Nokia appears to be resigning itself to chalking up another failure in its attempts consumer-facing products. The Finnish company, which took over French peer Alcatel-Lucent in 2016, entered the consciousness of many in the early 2000s, as a dominant player in the earlier phases of the mobile phone era. Most of us will count one of the classic Nokia models among our first mobile handsets. However, Nokia failed to maintain that position into the era of the smartphone. A doomed partnership with Microsoft to create the handsets for the Windows mobile OS failed to reinvigorate Nokia as a company for consumer-facing technology.

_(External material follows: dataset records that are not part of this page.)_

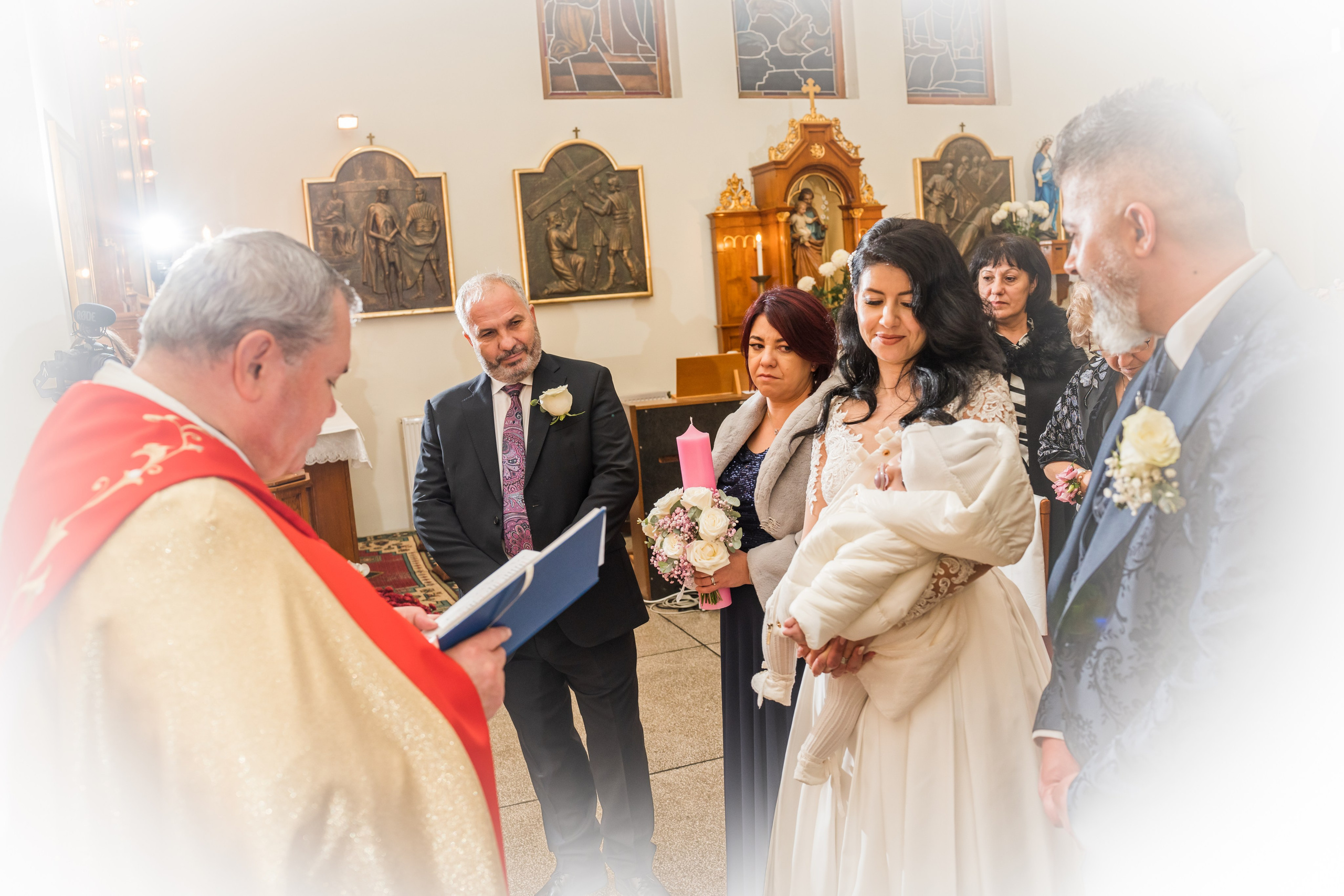 Nuntă Florin & Andreea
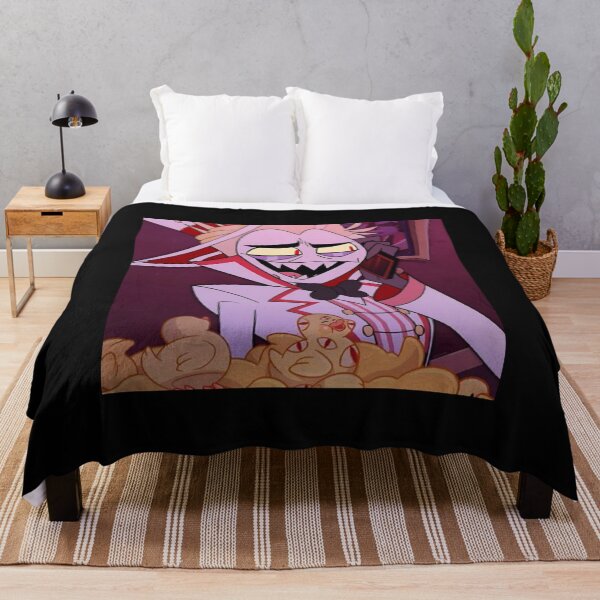 Item preview, Hazbin Hotel Duck helluva boss designed and sold by Dark-Side-Shop.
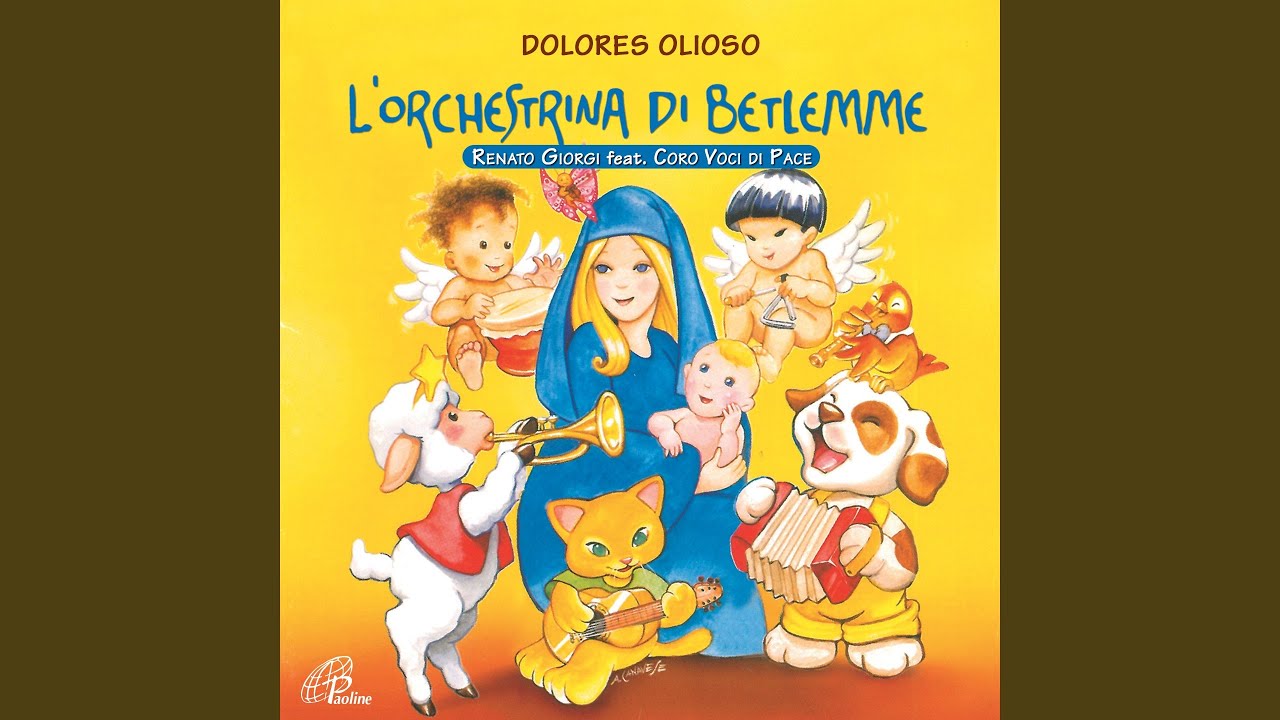 Suonate suonate pastori (feat. Coro Voci di Pace)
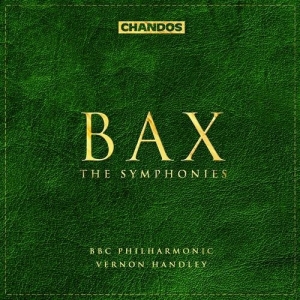 Bax - Complete Symphonies ryhmässä ME SUOSITTELEMME / Joululahjavinkki: CD @ Bengans Skivbutik AB (5503022)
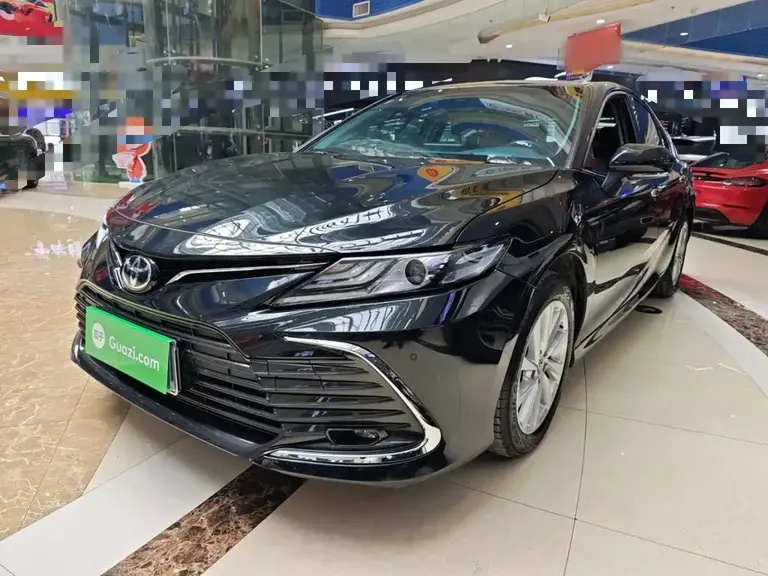 Toyota Camry 2.0 G Luxury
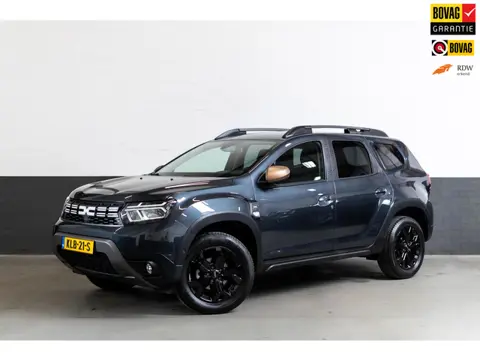 Dacia DUSTER 1.3 TCe 150 Extreme 150 PK, 1500kg trekgewicht.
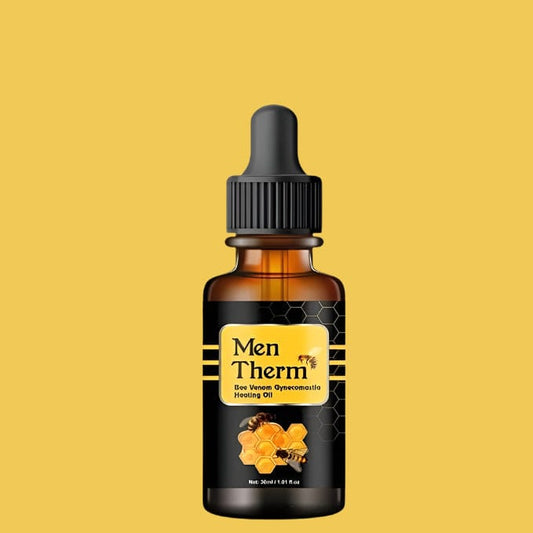 Venoburnâ˘ď¸Men Therm Bee Venom Tightening Oil (Pack of 2)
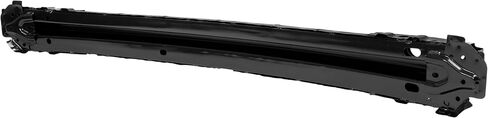 KUAFU Front Bumper Reinforcement Compatible with 2014-2016 Toyota Corolla Replacement for 5202102300 TO1006232 Steel Electrophoresis Primed Black in Saudi Arabia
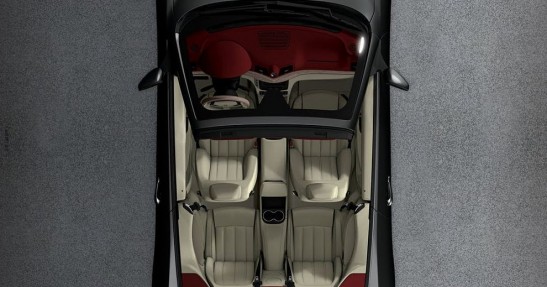 Nowe Maserati GranCabrio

Nokia’s present day success is mainly based on its enterprise telecommunications hardware rather than consumer electronics. The Nokia brand made a comeback in the smartphone market, though through a partnership with another company, HMD Global, who acquired the Nokia license. Early signs are the new Nokia smartphones have been a success but it’s not really Nokia, but HMD Global, that are responsible for that. Now, it looks like another Nokia foray into consumer-facing tech has proven to be a failure.
Two years ago Nokia acquired French health tech company Withings and its popular Health Mate mobile app. The company also made smart IoT products such as weighing scales and air quality monitors that fed data into the app. The company faced a backlash from users after a re-branded Nokia version of the Health Mate app removed popular features and had wider technical issues.

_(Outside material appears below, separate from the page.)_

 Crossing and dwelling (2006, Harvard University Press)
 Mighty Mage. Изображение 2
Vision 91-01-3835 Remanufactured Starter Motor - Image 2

A BBC report covering the discontent back in July 2017 saw one customer give the following withering assessment of Nokia’s involvement:
“Nokia took over and totally trashed the Withings app in one swoop. The first release of the app was so full of bugs it was incredible. Their new app is appalling and everyone wants the old one back, which we loved.They’ve decimated our investment in quite expensive Withings products.”
It now looks as though the company may be ready to cut its losses and beat another retreat from a consumer-facing products failure. This week Nokia announced “a strategic review of its digital health business”. This review “may or may not result in any transaction or other changes”.

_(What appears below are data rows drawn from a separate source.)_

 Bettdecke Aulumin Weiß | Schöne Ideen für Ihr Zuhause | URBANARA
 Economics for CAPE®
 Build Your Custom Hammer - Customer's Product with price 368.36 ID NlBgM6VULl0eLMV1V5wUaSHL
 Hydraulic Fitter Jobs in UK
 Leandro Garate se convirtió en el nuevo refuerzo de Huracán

Withings, acquired for $190 million 2 years ago was already written down by $164 last October by Nokia, an admission of having initially been substantially overvalued. A year ago Nokia hit another consumer tech venture in Ozo, a virtual reality camera project. 300 jobs went with the end of Ozo and another 400 redundancies were announced along with the strategic review of the digital healthcare business.
Perhaps it is time for Nokia to focus on the enterprise market and leave consumer electronics technology to others, or in licensing partnerships such as with HMD Global. It looks like that could be the best approach for the good of its health.